All helpful stuff, thanks everyone.

@divyeshlakhotia, it seems to me that with the current tools we have available, the only solution is probably simply not to have any substantial data in the Users table, i.e. move your simple objects to a different data table and then store a link in Users. I’m sure you’re way ahead of me on this, and not disagreeing that this is frustrating!

I have another little question arising from the discussion of empty row references. Imagine I have an empty row reference (which I retrieved from a link column in Users, say), and I want to get a number of columns from it.

Currently, I’d write:

usersRow = anvil.users.get_user()
myRowReference = usersRow['linkToUserDataTable']
dataItem1 = myRowReference['item1']
dataItem2 = myRowReference['item2']
dataItem3 = myRowReference['item3']
dataItem4  = myRowReference['item4']
dataItem5  = myRowReference['item5']

I think those last five lines are going back and forth to the data table each time, so are quite inefficient.
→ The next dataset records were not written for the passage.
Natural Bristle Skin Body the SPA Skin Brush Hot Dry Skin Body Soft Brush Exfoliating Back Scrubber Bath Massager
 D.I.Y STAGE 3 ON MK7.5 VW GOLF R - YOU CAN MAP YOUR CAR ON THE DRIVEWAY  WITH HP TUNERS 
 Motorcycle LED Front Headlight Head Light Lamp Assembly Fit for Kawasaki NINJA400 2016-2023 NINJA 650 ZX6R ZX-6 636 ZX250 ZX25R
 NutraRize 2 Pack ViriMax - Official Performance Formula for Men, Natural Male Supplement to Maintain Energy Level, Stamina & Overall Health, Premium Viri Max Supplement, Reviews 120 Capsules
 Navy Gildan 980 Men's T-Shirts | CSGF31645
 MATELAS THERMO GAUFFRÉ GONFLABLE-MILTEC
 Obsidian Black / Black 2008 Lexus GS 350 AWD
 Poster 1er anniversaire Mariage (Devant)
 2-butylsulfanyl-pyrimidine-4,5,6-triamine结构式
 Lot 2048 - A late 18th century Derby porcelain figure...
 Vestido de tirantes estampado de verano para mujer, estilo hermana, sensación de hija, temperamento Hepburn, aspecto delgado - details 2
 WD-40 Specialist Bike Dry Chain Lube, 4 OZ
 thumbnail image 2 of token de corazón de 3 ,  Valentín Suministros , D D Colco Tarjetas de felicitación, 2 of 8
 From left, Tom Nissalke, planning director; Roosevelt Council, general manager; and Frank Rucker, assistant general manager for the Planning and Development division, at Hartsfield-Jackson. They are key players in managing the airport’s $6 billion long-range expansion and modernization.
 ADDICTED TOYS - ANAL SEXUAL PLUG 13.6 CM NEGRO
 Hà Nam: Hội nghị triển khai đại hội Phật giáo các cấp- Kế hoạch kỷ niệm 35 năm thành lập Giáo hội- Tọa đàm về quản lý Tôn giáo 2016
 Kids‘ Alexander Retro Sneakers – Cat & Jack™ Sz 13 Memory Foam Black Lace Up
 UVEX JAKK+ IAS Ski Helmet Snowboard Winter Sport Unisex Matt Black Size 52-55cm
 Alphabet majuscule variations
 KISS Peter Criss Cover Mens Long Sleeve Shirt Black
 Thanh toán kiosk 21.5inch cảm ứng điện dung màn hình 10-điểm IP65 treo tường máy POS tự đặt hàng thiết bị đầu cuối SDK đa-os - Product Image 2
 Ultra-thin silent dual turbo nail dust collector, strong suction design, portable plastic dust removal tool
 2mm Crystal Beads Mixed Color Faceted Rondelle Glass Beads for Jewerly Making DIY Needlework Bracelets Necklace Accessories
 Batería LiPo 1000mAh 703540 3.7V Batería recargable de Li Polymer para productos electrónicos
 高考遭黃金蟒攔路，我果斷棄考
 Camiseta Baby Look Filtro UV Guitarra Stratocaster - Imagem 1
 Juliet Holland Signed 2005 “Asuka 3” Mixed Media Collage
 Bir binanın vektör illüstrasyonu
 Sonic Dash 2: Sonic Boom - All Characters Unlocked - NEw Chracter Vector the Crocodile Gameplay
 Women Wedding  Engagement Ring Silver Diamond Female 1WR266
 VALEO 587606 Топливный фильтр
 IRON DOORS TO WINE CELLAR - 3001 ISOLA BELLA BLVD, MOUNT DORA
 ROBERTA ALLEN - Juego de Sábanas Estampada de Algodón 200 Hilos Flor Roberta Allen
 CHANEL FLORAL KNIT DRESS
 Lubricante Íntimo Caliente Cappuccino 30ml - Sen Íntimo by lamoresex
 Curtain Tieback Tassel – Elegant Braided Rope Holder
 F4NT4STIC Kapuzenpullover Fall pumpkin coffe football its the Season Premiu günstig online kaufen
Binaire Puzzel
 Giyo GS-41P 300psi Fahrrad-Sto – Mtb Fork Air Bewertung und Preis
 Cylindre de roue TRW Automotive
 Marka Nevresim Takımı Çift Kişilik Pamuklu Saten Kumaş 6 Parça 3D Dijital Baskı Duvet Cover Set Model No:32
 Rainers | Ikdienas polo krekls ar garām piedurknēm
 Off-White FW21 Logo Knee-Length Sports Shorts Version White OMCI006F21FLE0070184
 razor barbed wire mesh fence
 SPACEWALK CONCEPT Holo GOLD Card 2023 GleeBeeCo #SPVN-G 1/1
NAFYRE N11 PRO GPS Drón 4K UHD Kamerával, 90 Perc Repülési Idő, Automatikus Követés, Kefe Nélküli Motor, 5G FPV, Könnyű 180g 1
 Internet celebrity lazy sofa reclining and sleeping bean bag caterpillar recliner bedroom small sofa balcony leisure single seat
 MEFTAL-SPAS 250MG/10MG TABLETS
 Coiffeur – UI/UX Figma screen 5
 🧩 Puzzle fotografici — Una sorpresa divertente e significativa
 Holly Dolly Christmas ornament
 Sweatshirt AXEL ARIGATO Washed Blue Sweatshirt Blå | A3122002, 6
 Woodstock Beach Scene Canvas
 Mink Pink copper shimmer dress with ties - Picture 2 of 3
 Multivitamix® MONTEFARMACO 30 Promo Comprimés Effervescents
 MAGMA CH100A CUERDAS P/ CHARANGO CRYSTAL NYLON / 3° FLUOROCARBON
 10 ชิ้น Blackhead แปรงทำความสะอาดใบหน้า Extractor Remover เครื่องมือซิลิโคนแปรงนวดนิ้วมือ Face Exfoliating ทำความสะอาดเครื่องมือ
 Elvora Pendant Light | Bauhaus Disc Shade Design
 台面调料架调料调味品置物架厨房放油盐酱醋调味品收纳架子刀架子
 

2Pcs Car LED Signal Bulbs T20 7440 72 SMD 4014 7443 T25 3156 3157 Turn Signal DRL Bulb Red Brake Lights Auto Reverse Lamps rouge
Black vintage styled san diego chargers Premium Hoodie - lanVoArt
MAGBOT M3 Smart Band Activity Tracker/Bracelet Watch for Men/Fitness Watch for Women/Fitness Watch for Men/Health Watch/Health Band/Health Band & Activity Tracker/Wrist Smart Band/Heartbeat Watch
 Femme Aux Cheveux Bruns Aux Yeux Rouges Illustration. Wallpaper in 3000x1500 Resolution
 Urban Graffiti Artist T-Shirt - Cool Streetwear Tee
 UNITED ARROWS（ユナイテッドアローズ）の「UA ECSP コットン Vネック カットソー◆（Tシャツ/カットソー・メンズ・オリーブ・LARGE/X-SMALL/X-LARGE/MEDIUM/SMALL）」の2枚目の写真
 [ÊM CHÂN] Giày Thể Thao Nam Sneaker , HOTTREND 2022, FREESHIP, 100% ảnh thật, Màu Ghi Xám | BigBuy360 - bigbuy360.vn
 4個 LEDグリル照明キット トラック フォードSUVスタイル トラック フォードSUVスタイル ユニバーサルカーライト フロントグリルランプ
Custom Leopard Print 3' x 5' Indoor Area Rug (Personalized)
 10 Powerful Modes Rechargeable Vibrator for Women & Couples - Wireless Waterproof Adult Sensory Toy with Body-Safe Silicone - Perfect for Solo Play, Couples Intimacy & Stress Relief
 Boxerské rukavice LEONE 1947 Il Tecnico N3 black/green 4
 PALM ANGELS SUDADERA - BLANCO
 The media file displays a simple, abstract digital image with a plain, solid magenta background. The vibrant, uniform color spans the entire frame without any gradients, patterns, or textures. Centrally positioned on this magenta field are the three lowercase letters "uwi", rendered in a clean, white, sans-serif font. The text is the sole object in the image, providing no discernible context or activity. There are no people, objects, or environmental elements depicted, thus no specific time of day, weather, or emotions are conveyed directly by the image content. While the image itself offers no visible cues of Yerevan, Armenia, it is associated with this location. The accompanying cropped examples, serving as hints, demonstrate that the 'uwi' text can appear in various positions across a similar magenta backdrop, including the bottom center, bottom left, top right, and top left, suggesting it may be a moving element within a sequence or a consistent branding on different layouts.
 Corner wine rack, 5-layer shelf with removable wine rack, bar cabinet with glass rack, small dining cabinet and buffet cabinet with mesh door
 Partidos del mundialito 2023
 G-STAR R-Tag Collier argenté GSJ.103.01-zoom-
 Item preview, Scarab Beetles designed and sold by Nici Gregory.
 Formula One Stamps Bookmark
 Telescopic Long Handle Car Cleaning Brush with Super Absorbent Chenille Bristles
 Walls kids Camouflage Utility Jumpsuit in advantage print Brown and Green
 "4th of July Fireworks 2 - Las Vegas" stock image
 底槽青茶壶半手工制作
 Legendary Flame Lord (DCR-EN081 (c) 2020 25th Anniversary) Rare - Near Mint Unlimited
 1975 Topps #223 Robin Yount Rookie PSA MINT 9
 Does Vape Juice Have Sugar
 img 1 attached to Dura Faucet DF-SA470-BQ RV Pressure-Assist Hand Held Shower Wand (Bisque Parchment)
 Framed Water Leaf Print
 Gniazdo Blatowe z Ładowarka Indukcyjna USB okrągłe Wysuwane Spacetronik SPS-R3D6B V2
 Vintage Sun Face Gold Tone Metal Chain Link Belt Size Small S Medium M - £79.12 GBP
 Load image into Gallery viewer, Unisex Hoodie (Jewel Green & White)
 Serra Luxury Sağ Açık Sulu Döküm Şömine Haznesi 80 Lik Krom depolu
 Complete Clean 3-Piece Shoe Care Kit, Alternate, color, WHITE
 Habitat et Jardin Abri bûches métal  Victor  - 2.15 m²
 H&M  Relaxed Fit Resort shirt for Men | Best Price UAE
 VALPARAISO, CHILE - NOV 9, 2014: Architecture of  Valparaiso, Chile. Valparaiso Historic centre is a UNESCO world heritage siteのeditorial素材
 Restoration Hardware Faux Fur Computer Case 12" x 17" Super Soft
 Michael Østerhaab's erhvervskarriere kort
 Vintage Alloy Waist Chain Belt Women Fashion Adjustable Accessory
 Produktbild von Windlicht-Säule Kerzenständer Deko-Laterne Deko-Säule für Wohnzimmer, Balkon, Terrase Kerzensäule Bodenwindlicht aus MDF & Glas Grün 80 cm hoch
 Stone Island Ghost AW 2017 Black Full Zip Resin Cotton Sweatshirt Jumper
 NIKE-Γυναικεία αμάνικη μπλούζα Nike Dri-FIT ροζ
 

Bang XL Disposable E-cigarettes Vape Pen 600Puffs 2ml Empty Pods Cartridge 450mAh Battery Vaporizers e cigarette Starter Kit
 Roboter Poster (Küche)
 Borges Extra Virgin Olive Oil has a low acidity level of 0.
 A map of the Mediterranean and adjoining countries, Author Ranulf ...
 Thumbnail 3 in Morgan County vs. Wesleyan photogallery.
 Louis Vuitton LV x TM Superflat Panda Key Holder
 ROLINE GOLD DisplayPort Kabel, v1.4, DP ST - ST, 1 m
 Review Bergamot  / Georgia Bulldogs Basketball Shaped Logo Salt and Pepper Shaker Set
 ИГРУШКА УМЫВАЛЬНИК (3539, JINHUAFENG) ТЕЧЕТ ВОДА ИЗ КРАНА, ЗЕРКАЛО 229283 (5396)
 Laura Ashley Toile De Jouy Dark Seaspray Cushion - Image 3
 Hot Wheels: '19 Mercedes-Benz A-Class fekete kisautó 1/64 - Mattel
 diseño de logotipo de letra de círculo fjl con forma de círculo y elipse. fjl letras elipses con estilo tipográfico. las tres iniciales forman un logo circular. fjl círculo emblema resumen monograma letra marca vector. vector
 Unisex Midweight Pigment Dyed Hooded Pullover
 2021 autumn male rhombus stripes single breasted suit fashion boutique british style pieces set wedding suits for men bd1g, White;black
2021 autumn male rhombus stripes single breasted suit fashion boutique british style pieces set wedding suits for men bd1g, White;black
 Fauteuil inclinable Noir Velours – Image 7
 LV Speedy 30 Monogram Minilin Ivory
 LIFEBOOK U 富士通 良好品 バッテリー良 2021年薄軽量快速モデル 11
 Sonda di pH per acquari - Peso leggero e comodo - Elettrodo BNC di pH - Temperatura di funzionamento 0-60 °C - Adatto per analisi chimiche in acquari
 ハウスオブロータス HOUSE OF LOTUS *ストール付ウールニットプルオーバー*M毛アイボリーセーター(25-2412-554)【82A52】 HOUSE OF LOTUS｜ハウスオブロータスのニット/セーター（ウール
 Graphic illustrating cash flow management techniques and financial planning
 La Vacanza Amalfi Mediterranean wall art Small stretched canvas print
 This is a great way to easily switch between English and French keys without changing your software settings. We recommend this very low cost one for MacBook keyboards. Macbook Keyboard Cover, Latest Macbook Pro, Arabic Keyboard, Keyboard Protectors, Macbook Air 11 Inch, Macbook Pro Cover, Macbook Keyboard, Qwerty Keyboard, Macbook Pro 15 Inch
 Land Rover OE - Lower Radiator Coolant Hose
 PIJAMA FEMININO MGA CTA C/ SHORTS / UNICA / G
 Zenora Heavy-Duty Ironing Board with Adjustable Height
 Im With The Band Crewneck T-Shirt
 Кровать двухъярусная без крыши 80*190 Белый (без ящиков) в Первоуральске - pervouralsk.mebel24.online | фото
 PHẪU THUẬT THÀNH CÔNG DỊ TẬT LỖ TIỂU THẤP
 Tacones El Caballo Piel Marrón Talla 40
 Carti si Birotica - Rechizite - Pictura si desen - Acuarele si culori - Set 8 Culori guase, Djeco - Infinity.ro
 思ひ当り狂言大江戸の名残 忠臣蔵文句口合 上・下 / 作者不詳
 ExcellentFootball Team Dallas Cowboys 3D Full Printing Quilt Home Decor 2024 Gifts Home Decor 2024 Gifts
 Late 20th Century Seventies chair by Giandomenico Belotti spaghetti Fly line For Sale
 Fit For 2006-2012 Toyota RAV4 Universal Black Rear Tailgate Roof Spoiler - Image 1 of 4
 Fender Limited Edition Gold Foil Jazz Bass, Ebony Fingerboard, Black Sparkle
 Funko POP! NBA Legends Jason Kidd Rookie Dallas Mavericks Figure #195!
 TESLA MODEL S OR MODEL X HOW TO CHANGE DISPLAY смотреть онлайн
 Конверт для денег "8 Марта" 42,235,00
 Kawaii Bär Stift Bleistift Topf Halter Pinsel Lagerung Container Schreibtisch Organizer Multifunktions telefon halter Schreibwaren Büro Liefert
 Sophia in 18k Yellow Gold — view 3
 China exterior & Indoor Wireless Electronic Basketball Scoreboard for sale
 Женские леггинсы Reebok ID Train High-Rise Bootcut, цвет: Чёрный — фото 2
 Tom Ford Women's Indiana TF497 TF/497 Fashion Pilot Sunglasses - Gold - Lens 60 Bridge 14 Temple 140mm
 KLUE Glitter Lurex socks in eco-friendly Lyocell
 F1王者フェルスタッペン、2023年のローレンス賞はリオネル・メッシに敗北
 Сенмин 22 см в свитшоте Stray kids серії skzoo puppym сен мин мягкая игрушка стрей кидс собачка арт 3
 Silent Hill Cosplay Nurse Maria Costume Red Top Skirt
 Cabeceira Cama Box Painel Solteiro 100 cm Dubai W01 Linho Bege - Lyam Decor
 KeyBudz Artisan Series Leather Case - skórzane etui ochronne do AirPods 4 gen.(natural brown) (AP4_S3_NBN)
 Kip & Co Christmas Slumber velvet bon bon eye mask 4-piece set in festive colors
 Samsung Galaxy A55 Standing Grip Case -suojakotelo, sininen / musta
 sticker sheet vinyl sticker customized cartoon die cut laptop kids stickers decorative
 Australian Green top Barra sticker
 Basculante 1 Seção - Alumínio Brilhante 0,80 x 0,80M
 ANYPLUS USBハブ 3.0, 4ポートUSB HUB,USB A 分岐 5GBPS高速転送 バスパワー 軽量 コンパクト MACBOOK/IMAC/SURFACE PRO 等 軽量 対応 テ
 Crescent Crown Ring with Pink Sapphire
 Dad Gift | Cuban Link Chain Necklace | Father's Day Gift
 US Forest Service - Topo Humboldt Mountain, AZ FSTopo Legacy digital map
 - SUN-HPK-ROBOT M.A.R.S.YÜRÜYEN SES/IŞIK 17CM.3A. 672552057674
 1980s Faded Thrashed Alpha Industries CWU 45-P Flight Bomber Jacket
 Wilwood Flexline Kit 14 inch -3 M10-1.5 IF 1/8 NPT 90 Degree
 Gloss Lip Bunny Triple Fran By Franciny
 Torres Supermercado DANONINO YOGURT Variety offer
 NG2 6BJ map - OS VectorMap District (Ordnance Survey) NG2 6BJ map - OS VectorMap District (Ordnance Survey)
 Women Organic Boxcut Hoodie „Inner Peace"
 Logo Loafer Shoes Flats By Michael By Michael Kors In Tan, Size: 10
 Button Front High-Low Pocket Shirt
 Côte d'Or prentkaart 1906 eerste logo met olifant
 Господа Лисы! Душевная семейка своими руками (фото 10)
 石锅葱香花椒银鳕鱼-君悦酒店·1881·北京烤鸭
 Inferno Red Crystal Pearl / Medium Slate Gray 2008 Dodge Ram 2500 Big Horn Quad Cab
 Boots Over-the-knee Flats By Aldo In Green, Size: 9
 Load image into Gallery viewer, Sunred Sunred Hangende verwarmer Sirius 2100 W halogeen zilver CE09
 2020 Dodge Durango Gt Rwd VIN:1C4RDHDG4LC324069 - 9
Can this be done more efficiently?

1 Like

I don’t like unexplained magic, I never felt comfortable working with links to other tables without fully understanding when the round trips are triggered, so I never use linked rows.

I had colleagues adding columns to the user’s table in the past, with data or with linked tables, but I promptly asked them to remove those columns and keep things separated.

After 8 years the user’s table used by hundreds of apps has the columns generated by Anvil and a few columns used for permission management only. My strategy is that any link between two tables is managed by storing a key in one table, for example the user email, and doing two searches, one for the user and one for the linked table using the user email. Same strategy for any linked tables: never use linked columns.

Obviously my user table only has a few hundreds users only, which could contribute at making it faster, but I keep seeing posts about slow performances on the user’s table and the app tables in general, and I never had any performance problems, including with tables with hundreds of thousands of rows.

The reason why I never liked and used linked columns is simply because they did some not well documented magic, and (1) I like to have control over what happens and (2) adding one single line to fetch all the linked rows I need in one shot makes the code easier to read and most likely faster.

Well, this is not an answer, it’s just a little feedback, a data point for you.

6 Likes

I’m with @stefano.menci on this approach.

If I was going to use a link column, it would link to Users from the detail rows, not vice versa, precisely to avoid impacting get_user() performance, and to not open any security surprises.

3 Likes